The origin of Ohanaeze Ndigbo is traceable to the post-civil war era. After the Nigerian civil war, some prominent Igbos gathered to proclaim the need to unify Igbos under a common umbrella body. This initiative was welcomed, considering the displacement of Igbos during the war and its aftermath.
An organizational assembly was created, referred to as the Igbo National Assembly, INA. This organization was later banned by the federal military government at the time, probably due to the Government’s fear of a grand suspicious agenda being cultivated by the Igbos via the organization; hence, the creation of Ohanaeze Ndigbo in 1976.
Prof. Ben Nwabueze, a foremost constitutional lawyer, assembled prominent Igbo leaders to form the organization of which he emerged the secretary general of the organization spanning a period of 20 years.
The organization was effectively championed and supported by Kingsley Mbadiwe, Francis Akanu Ibiam, Michael Iheonukara Okpara, Pius Okigbo, and Jerome Udoji, who served as the first secretary general, among other notable Igbo personalities.
Currently, John Nnia Nwodo a Nigerian lawyer, economist, former minister of information and culture and former minister of Civil Aviation is the 9th president general of the Ohanaeze Ndigbo. The leadership of the organisation is made up of the National Executive Committee.
Although the group is not a political party, part of its objectives is to foster unity among its members in order to ensure effective representation within the political scenario of Nigeria.

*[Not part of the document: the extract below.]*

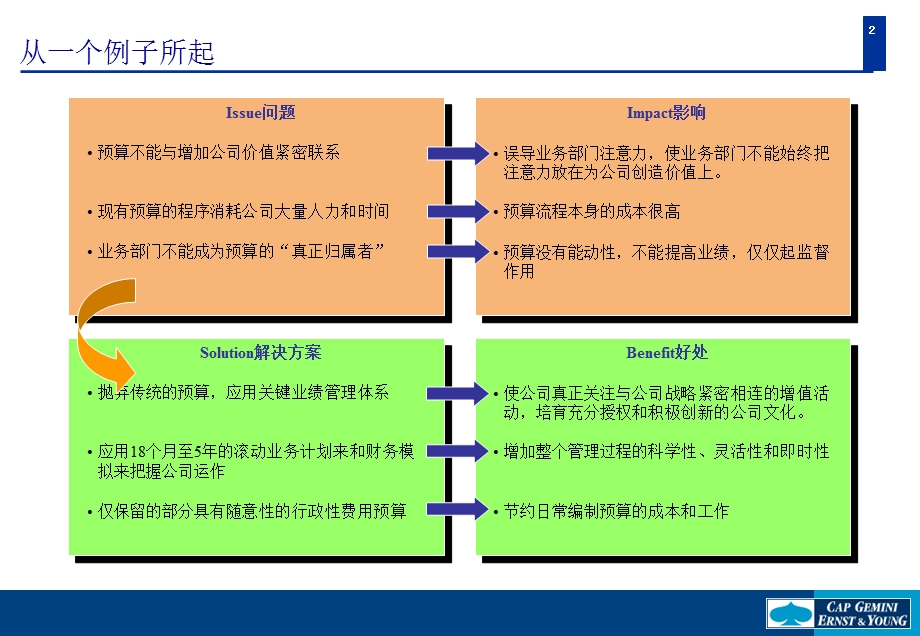 CFO基于价值的业绩管理1.ppt_第2页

However, the apex pan-Igbo association has continually been swimming in the murky waters of controversy, crisis and often confronted with the need to find relevance, legitimacy and take a firm stand on the controversy of what role to play in the array of matters confronting the Igbo nation and her peoples.
In the course of the organisation’s history, emerging leaderships were accused of driving anti progressive and hence, anti-Igbo agenda in their politicisation of the group and the quest to hang on to power. This erupted in what analysts regard as a harbinger of unresolved crisis in Ohanaeze Ndigbo.
The crisis confronting the Ohanaeze Ndigbo stems from both centripetal and centrifugal forces, which continue to affect its scorecard. Within the socio- political sphere, the question that confronts the Ohanaeze Ndigbo as an apex pan Igbo organisation is, how well has it been able to effectively represent the interests of the Ndigbo in the face of cries of lopsided marginalisation, inequity in national appointments, especially at the top echelons of the federal government’s political and security team, allocation of developmental projects, amongst others. To the average Ndigbo, his fortunes have continually dwindled in the face of a nation that has very little tolerance and care for his survival and progress.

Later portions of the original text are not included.